Wildlife Queensland wrote to the Hon Tim Mulherin again Minister for Primary Industries, Fisheries and Rural and Regional Queensland in March 2010 expressing our concerns about the continued use of these traps and their impact on platypuses and other wildlife. The Minister informed Wildlife Queensland that a review of the freshwater fisheries management arrangements was scheduled to commence in 2010. This was confirmed by the Department with an indication that it would start early in 2010. However recent advice has indicated that the Department is not in a position to inform Wildlife Queensland when the review is to occur.
In August 2010, after discussions with senior bureaucrats, Wildlife Queensland wrote to the Hon Tim Mulherin suggesting that he refer this issue to the Animal Welfare Ministerial Advisory Committee (AWMAC). Should the Minister decided such action inappropriate we have asked him to consider banning the use of these fishing devices in platypus habitat in geographical regions of Queensland similar to the action taken in New South Wales. If this option is to be considered it must be accompanied with regulation to reduce the size of the entrance rings to a maximum of 5cm from 10cm. This will also reduce the impact to other wildlife such as turtles and water rats. After some discussions with leading platypus researchers in Queensland and other states we have come to realise that the determination of a geographical boundary for platypus habitat in Queensland may prove to be a challenge. Should this be the case a reduced entrance ring size to no greater than 5cm for all opera house traps and other enclosed yabby traps such as funnels would suffice. While such actions will not guarantee protection of all wildlife it would certainly restrict the impacts on platypus and breeding turtles.
Wildlife continue to die while we await Government action.
Catching yabbies in muddy creeks and farm dams is a cherished memory of many Australian childhoods. Opera house traps are the quickest, easiest and cheapest way to catch large numbers of yabbies. While cheap to buy the environmental cost of using these traps is far too high.
Opera house and other enclosed yabby traps are inadvertently killing platypuses, as well as other native species such as turtles, Australian water-rats and water birds. Once lured into a yabby trap, a platypus may drown in less than three minutes. The platypus is particularly vulnerable to being killed in yabby traps because the shellfish form part of their diet. Nets are commonly set in the summer, which is also the breeding season for platypuses. If a breeding female becomes trapped any dependent young platypuses waiting in the nursery burrow for her return will slowly starve to death.
The platypus is one of Australia’s most iconic species and although not listed as threatened, numbers have declined in some areas due to habitat degradation and other pressures.
While legal in Queensland, these deadly traps are banned in all public waters in Tasmania, Victoria, ACT and east of the Newell Highway in New South Wales due to the threat they pose to wildlife.
What are the alternatives?
Rather than use opera house traps, anglers should use dilly nets (hoop-style lift nets) or baited lines with no hooks.
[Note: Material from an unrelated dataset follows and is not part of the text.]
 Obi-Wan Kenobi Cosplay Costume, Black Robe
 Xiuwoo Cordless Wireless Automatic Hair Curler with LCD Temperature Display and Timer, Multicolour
These pose a lesser risk to platypus and other wildlife. Fishers should also observe bag-limits for crustaceans and reduce over-harvesting of platypus food resources.
What you can do:
- When fishing for yabbies use wildlife friendlier alternatives such as dilly nets (hoop-style lift nets) or baited lines with no hooks.
- Write a letter to the Premier.
- Report any incidence of dead platypus or other wildlife from yabby traps to Wildlife Queensland so that better information can be collected about the scale of the current problem.
What Wildlife Queensland is doing:
- Wildlife Queensland is lobbying the Government to ban opera house and other enclosed yabby traps in all public waters of Queensland. Wildlife Queensland is negotiating options to change the fisheries regulations to significantly reduce the impact to wildlife from opera house traps and other enclosed yabby traps.
- Wildlife Queensland has also asked the Hon Tim Mulherin to refer this issue to the Animal Welfare Ministerial Advisory Committee.
- Wildlife Queensland has contacted a major distributor of opera house traps, who contacted all importers to assist in awareness raising. To date there has been no response.